Tuesday, August 18, 2009

Is this your first time??


My first literary tryst was in the first grade, with a dark humored and captivating lover known to the masses as Roald Dahl. His flirtatious pages beckoned me from behind the yellow book cover with the petite and brilliant Matilda waiting to be met at the precipice of what would be my long journey into full fledged bibliophilia (actually I consider myself more of a bookworm, than a bibliophile, but that doesn't really roll off the tongue does it? "full-fledged bookworm-dom", "bookworm-ia"? Well, you get the point.)

It was my first time experiencing a kindred connection with a character who came from the inner workings of someone's mind. I read and re-read those 140 pages every year until I was 11, intrigued by the young girl intoxicated by her love for books.

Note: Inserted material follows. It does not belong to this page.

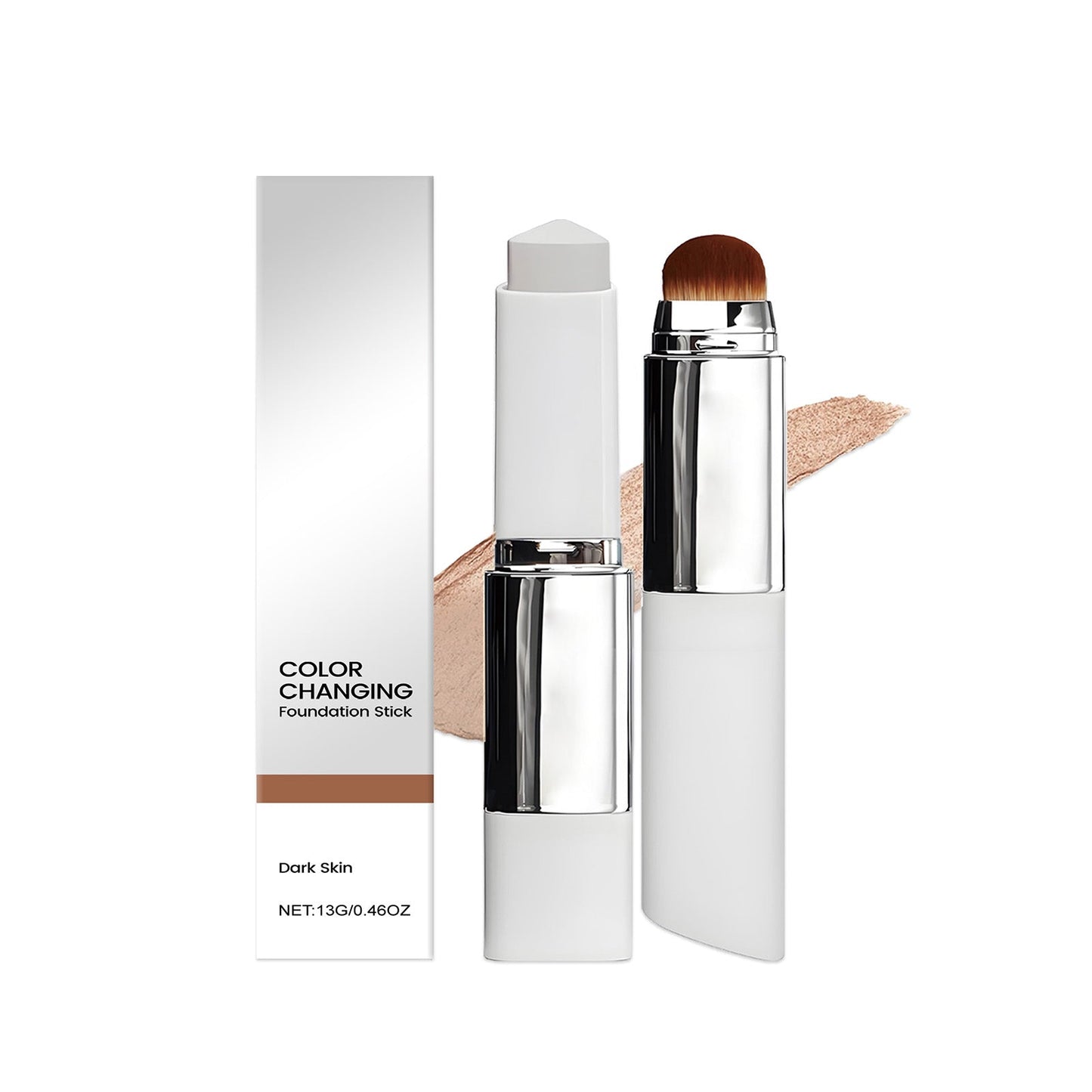 2-in-1 Color Changing Foundation Stick Deep Skin Tone Tri Light Beauty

In retrospect, I can say, this book was full of what we in the '90s liked to call "girl power", but that wasn't what drew me to those well-thumbed pages every year. It was that I could put myself in Matilda's shoes. I could identify with her need to gobble up every book in sight. She was this small frail girl who had no fear. And I was super jealous that she read ALL the books in her library!

Back to the point... I know I had a point in here somewhere....oh right.

Nowadays, I get made fun of for choosing chick lit as my #1 go-to genre, but it isn't the predictable storylines that get me to go to that brightly colored table at the bookstore. It's that one character or scene that I can identify with right from the first chapter and it stems from the first time I saw myself in Dahl's pages.

The saying goes, "Don't judge a book by its cover", but you also have to remember: Don't judge a reader by her book. I read the classics, I know the serious best sellers, and the hidden gems that only the true "literati" know about; but reading isn't about rattling off facts from those "impress-your-friends" books. It is about fulfillment. For some it is intellectual. For most, it is just catharsis. It is that human nature that begs us to find a healthy way to renew and revitalize ourselves.

From the moment I stepped into this world of words, I couldn't look back. Stories only go forward, there is a beginning, a middle and an end. There are never regrets, just well placed challenges and kind hearts to help you along your way.